We mark the bifurcation and typically use the stiff wire to land short of the bifurcation. We always predilate entry into the carotid with venous sheath dilator. We then place the flow reversal catheter, suture it in, and place the proximal clamp. We always use high flow on the reversal and flow reversal is evaluated and confirmed prior to crossing. We do use cerebral oximetry during the case and most patients with flow reversal have had little change in their oximetry. The predilatation balloon is loaded with wire and the combination are advanced to just below the lesion. Arteriography with roadmapping is performed and any adjustments to gantry angle are made at this time. The 0.014-inch wire used to cross the lesion varies among operators but all use a 190-cm wire with appropriate shaping based on the arteriogram. Careful evaluation of the depth of the wire is assessed and maintained through the case. Once the lesion is crossed, the balloon is advanced to the lesion and the lesion is predilated. The balloon is removed and the chosen stent is advanced to the lesion and deployed. Final angiography is performed and any postdilation is decided upon at that point.
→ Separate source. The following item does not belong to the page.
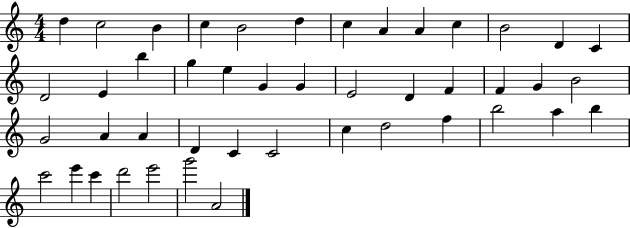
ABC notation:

Once we complete the procedure, we shut off the flow reversal and we return any blood back through the venous sheath. The operating room team moves to the incision, the access sheath is removed, the carotid is allowed to back bleed out of the arteriotomy, the artery is controlled, and two interrupted 5-0 Prolene sutures are placed and the arteriotomy is closed after appropriate flushing of the vessels. Protamine is used for reversal and the venous sheath is removed simultaneously. After hemostasis is achieved, the wound is closed. Patients are awakened in the operating room, neurologically assessed, and sent to the postanesthesia care unit and then to a telemetry bed. Patients are typically discharged the next day.

SUMMARY

By utilizing a standard protocol, being comfortable with the steps and the preprocedure imaging, teaching and allowing team members to do their part of the procedures, avoiding the use of indwelling urinary catheters, and premedication with heparin and glycopyrrolate, we have significantly reduced our procedural time. Most are performed in well under 60 minutes, with flow reversal times under 10 minutes in nearly all patients treated throughout a large health system in the western Carolinas. This method has allowed us to rapidly spread the technology throughout the system while maintaining the excellent results we achieved at the main quaternary hospital.